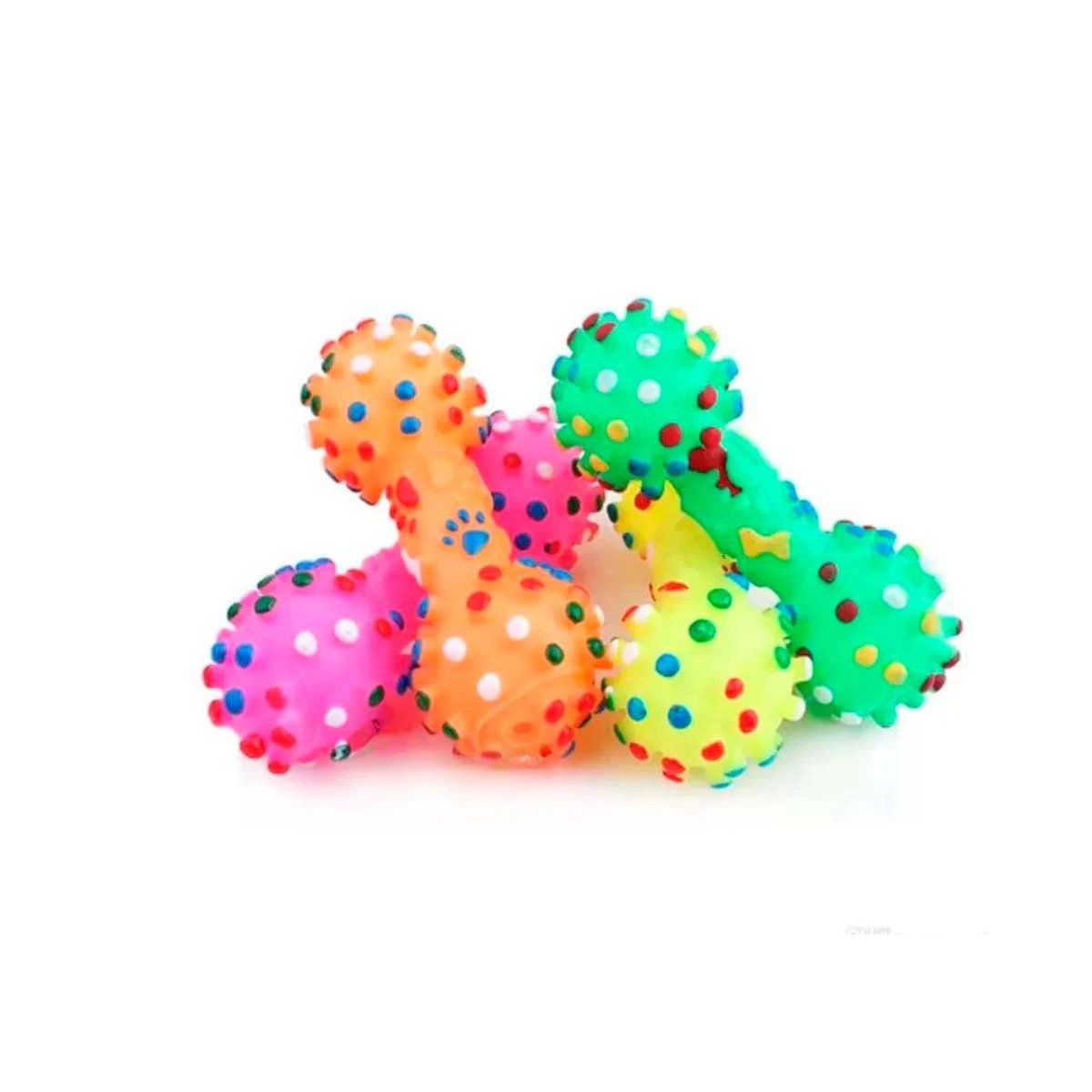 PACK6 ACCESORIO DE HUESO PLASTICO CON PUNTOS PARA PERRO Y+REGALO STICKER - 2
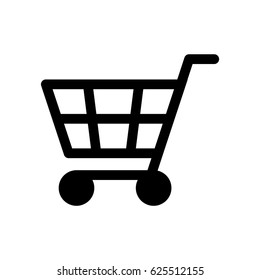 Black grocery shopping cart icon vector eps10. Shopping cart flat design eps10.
---
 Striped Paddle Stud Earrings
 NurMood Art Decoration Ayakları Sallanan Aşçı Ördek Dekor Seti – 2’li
---
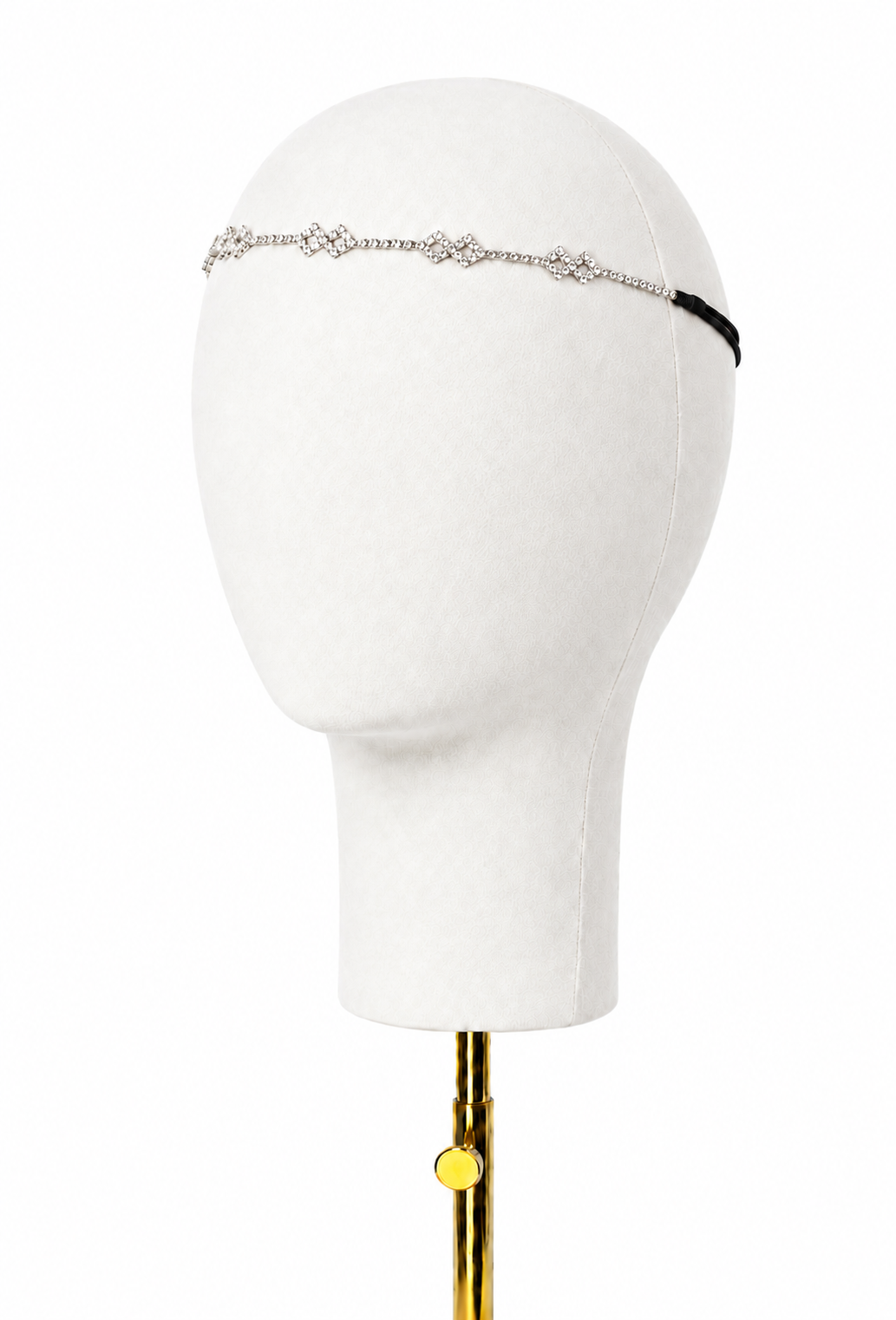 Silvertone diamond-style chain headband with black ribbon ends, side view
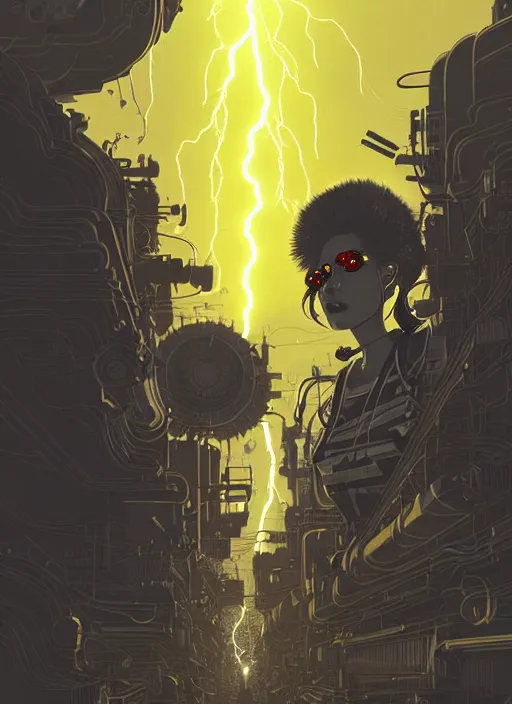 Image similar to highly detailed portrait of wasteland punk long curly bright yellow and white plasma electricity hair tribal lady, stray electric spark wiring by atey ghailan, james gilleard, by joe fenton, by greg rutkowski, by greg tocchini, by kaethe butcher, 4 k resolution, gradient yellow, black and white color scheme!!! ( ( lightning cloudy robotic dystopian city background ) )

• [AIM OF THE EXERCISE]
Output only the stretch above from the line with "PACK6 ACCESORIO DE" through the line with "Black grocery shopping", reproduced exactly. Exclude pictures.

• [SOLUTION FOR THIS EXERCISE]
 PACK6 ACCESORIO DE HUESO PLASTICO CON PUNTOS PARA PERRO Y+REGALO STICKER - 2
 Black grocery shopping cart icon vector eps10. Shopping cart flat design eps10.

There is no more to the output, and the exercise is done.